The mission of Science & Global Security is to provide scientific and technical analysis in support of policy initiatives in international security, arms control, and disarmament. Indeed, many international security issues have a strong technical component. At the same time, purely technical solutions rarely exist. In most cases, technology serves as a tool that opens space for political decisions, compromises, and agreements. The opposite is also true--political environment can shape our understanding of the role of technology and expand (or narrow) the range of technical solutions that can be implemented in practice. This interaction is what makes the technical analysis of international security issues both important and challenging. This challenge is illustrated by the two papers published in this issue.
In the opening article of the issue, "Computational Fluid Dynamics Analysis of the Infrared Emission from a Generic Hypersonic Glide Vehicle" by Graham V. Candler and Ivett A. Leyva, the authors address the visibility of a glide vehicle to space-based infrared sensors using computational fluid dynamics to model the vehicle's flight.
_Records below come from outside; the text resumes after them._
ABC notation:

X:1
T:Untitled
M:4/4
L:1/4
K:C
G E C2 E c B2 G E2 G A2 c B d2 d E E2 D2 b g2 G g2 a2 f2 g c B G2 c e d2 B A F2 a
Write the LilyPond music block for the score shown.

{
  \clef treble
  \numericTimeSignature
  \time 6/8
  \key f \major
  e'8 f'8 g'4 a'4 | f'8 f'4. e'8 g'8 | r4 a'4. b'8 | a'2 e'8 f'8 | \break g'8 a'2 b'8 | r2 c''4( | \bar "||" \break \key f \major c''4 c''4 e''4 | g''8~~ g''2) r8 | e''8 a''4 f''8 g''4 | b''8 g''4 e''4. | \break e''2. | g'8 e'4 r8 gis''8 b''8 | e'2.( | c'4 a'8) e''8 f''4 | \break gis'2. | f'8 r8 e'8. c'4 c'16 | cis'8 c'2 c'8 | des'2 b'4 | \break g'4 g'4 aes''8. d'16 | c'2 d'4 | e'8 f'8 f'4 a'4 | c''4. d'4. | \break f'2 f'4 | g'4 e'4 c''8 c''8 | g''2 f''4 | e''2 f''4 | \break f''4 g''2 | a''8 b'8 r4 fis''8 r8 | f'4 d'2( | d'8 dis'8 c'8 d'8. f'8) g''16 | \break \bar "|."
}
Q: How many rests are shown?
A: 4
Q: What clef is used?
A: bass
This seemingly narrow technical issue is quite important for assessing the potential role of hypersonic gliders as a weapon delivery system.
The relative difficulty of detecting these gliders by the existing early-warning systems is often presented as their distinct advantage. It also provides arguments for proponents of developing new tools to detect ballistic missiles and gliders from space. Overall, it contributes to the notion that hypersonic glide vehicles have a qualitative advantage over traditional ballistic missiles. This notion, of course, has been contested on technical as well as political grounds. For example, in a 2020 Science & Global Security paper "Modelling the Performance of Hypersonic Boost-Glide Missiles" Cameron L. Tracy and David Wright argued that in most cases the capabilities of hypersonic gliders are comparable to those of traditional ballistic missiles. One element of that analysis examined the visibility of hypersonic gliders and concluded that the detection is well within the capability of the existing space-based sensors.
The computational fluid dynamics analysis performed by Candler and Leyva suggests that the infrared emissions of a hypersonic glide vehicle during the glide phase would be lower than those predicted by the model used by Tracy and Wright. As a result, the vehicle might not be reliably detected by the older DSP early-warning satellites. However, sensors of the newer SBIRS satellites would still be able to see the glider. The computational fluid dynamics analysis also provides some important insights into the parameters of the glider's flight and challenges some of the assumptions made in the earlier analysis.
The editors invited Tracy and Wright to submit a response which will be published in an upcoming issue of the journal. An open discussion of technical aspects of an issue is the most reliable way of getting better understanding of its political implications.
In "Mining for the Bomb: The Vulnerability of Buried Plutonium to Clandestine Recovery" Cameron Tracy and Rodney Ewing examine various aspects of an issue that is at the center of the effort to eliminate military usable fissile materials. In the 1990s, the United States and Russia each committed to dispose of 34 metric tons of weapon-grade plutonium. Disposal, however, proved to be a difficult technical and political task. The technical aspects of the problem have been extensively covered by Science & Global Security since its inception more than thirty years ago.
Experts in the two countries have always disagreed on what method of disposition can be considered irreversible. Russia has long maintained that burying plutonium underground does not provide a sufficient barrier to recover the material. The authors show that this argument is technically correct, and that plutonium is indeed vulnerable to clandestine recovery using existing engineering techniques. They also demonstrate that the nature of disagreement, which eventually contributed to the collapse of the bilateral plutonium disposition agreement, is not purely technical.
The different approaches to disposition reflect the different technological frames that exist in Russia and the United States. While Russian experts consider plutonium a valuable resource, in the United States plutonium is treated as waste. Any solution to the plutonium disposition problem must recognize these differences and take them fully into account. One can also add that these technological frames are embedded in a larger political framework. There are examples in the history of U.S.-Russian arms control where a favorable political environment made it possible to find solutions to difficult technical problems. The authors of the article offer some ideas that can help address concerns about the potential recovery of buried plutonium.